The HPSEVERITY Procedure

SCALEMODEL Statement

  • SCALEMODEL regression-effect-list </ scalemodel-options>;

The SCALEMODEL statement specifies regression effects. A regression effect is formed from one or more regressor variables according to effect construction rules. Each regression effect forms one element of $\bX $ in the linear model structure $\bX \bbeta $ that affects the scale parameter of the distribution. The SCALEMODEL statement in conjunction with the CLASS statement supports a rich set of effects. Effects are specified by a special notation that uses regressor variable names and operators. There are two types of regressor variables: classification (or CLASS) variables and continuous variables. Classification variables can be either numeric or character and are specified in a CLASS statement. To include CLASS variables in regression effects, you must specify the CLASS statement so that it appears before the SCALEMODEL statement. A regressor variable that is not declared in the CLASS statement is assumed to be continuous. For more information about effect construction rules, see the section Specification and Parameterization of Model Effects.

All the regressor variables must be present in the input data set that you specify by using the DATA= option in the PROC HPSEVERITY statement. The scale parameter of each candidate distribution is linked to the linear predictor $\bX \bbeta $ that includes an intercept. If a distribution does not have a scale parameter, then a model based on that distribution is not estimated. If you specify more than one SCALEMODEL statement, then the first statement is used.

The regressor variables are expected to have nonmissing values.
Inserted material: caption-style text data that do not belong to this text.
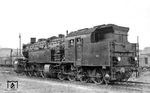 Mit Indienststellung im April 1923 beheimatete das Bw Rothenkirchen (Ofr) die 1630 PS starke Mallet-Lok 96 025, hier aufgenommen an der Lokübergabestelle des Bw. Bemerkenswert ist das bayerische Gleissperrsignal, vor dem die Lok steht. Es zeigt Signal 14a: "Die Sperre des Gleises ist aufgehoben".  (10.06.1933) <i>Foto: DLA Darmstadt (Bellingrodt)</i>
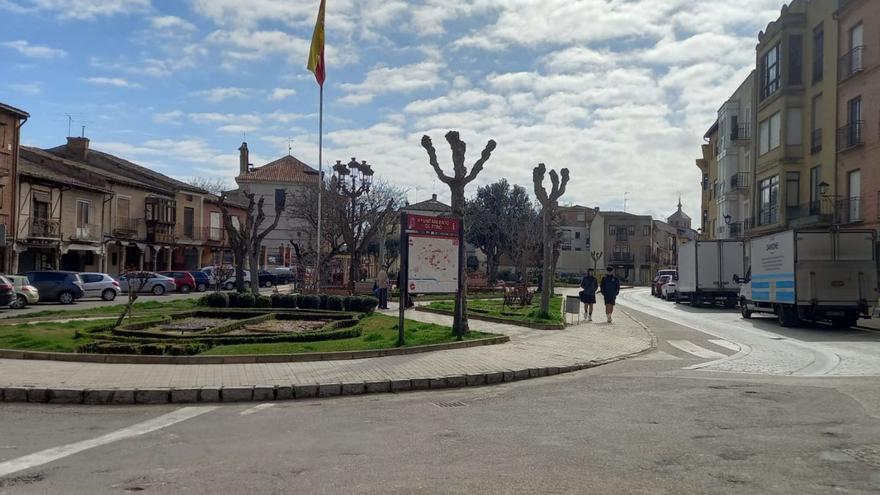 En las imágenes superiores, plaza de Santa Marina en la que se acometerá la segunda fase de reurbanización y un camino rural del municipio. A la izquierda, recinto de la piscina en el que se renovarán los vestuarios. | M. J. C.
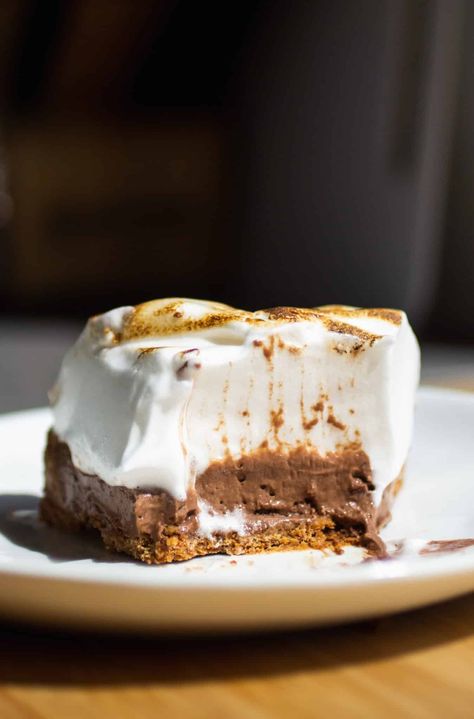 This delicious s'mores pie has an easy 2-ingredient, no-bake filling that's high in protein and low in fat thanks to a secret ingredient. Bakeless Desserts, No Bake Icebox Cake, Icebox Cakes, Ice Box Cake, Chocolate Smores, Bakers Delight, Smores Pie, Bar Desserts, Homemade Graham Cracker Crust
If any of the variables has a missing value in an observation, then a warning is written to the SAS log and that observation is ignored.

For more information about modeling regression effects, see the section Estimating Regression Effects.

You can specify the following scalemodel-options in the SCALEMODEL statement:

DFMIXTURE=method-name <(method-options)>

specifies the method for computing representative estimates of the cumulative distribution function (CDF) and the probability density function (PDF).

When you specify regression effects, the scale of the distribution depends on the values of the regressors. For a given distribution family, each observation in the input data set implies a different scaled version of the distribution. To compute estimates of CDF and PDF that are comparable across different distribution families, PROC HPSEVERITY needs to construct a single representative distribution from all such distributions. You can specify one of the following method-name values to specify the method that is used to construct the representative distribution. For more information about each of the methods, see the section CDF and PDF Estimates with Regression Effects.

FULL

specifies that the representative distribution be the mixture of N distributions such that each distribution has a scale value that is implied by each of the N observations that are used for estimation. This method is the slowest.

MEAN

specifies that the representative distribution be the one-point mixture of the distribution whose scale value is computed by using the mean of the N values of the linear predictor that are implied by the N observations that are used for estimation. If you do not specify the DFMIXTURE= option, then this method is used by default. This is also the fastest method.

QUANTILE <(K=q)>

specifies that the representative distribution be the mixture of a fixed number of distributions whose scale values are computed by using the quantiles from the sample of N values of the linear predictor that are implied by the N observations that are used for estimation.

You can use the K= option to specify the number of distributions in the mixture. If you specify K=$\Argument{q}$, then the mixture contains $(\Argument{q}-1)$ distributions such that each distribution has as its scale one of the $(\Argument{q}-1)$-quantiles.

If you do not specify the K= option, then PROC HPSEVERITY uses the default of 2, which implies the use of a one-point mixture with a distribution whose scale value is the median of all scale values.

RANDOM <(random-method-options)>

specifies that the representative distribution be the mixture of a fixed number of distributions whose scale values are computed by using the values of the linear predictor that are implied by a randomly chosen subset of the set of all observations that are used for estimation. The same subset of observations is used for each distribution family.

You can specify the following random-method-options to specify how the subset is chosen:

K=r

specifies the number of distributions to include in the mixture. If you do not specify this option, then PROC HPSEVERITY uses the default of 15.

SEED=number

specifies the seed that is used to generate the uniform random sample of observation indices. If you do not specify this option, then PROC HPSEVERITY generates a seed internally that is based on the current value of the system clock.

OFFSET=offset-variable-name

specifies the name of the offset variable in the scale regression model. An offset variable is a regressor variable whose regression coefficient is known to be 1. For more information, see the section Offset Variable.